What role does artificial intelligence have in the art world?
It's a hot debate, but that didn't stop the latest exhibition at the National Gallery of Australia from including it.
Changing From From To From, features work from Seoul- and Berlin-based artist Haegue Yang and includes two major acquisitions - Sonic Intermediates - Three Differential Equations, which is an ensemble of three sculptures, and Non-Linear and Non-Periodic Dynamics, which is an expansive wallpaper specifically adapted to the display at the National Gallery.
However, it's the digital sound file that plays over speakers throughout the gallery space that explores how artificial intelligence can work within modern art.
Titled Genuine Cloning, the sound piece features an AI-created monologue that meanders across several topics, including the "absurd human urge" to name typhoons and cyclones.
"The cloned voice of me, it is artificial, not only artificial but also the voice is incorporating something that is not quite human," Yang said.
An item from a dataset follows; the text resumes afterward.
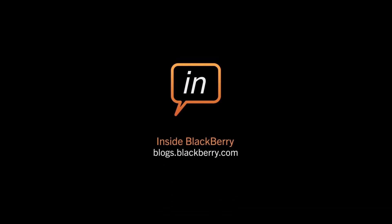And that's what you missed last week. Got questions or suggestions on what you want to see here on Inside BlackBerry Developers Blog? Let us know — we're listening.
"When you carefully listen to what this whispering voice is talking about, it's an observation on mankind. And personally, I think even cynical. This voice is making a joke about what we do and don't do with our environment.
"As one example, the voice is contemplating on how we deal with extreme climates such as cyclones and typhoons. We name them, so the voice, in this case, without the body, talking about how we even divide the naming of the typhoon nation by nation as if there is a border recognised by the typhoon."
The exhibition's title, Changing From From To From, is certainly one of the more unique titles to come out of the National Gallery of Australia. And indeed, to come from the artist.
In fact, Yang said she wasn't convinced when the National Gallery's head curator, international art Russell Storer, first suggested it.
However, it was suggested as it was a line drawn from a poem by Chinese-British conceptual artist Li Yuan-chia - the inspiration for one of the three sculptures that make up Three Differential Equations. The other two sculptures are inspired by fellow pioneering modernist artists Naum Gabo and Barbara Hepworth.
"Not only was I reluctant to make a citation, as my exhibition title, but also, I thought it's very poetic and normally I'm too sane to have a very poetic title," Yang said.
"But ... days passed and this was the best title. And it's very simple and it's poetic and it's actually about changing from A to B, and that idea of movement."
Changing From From To From is on display at the National Gallery until September 24.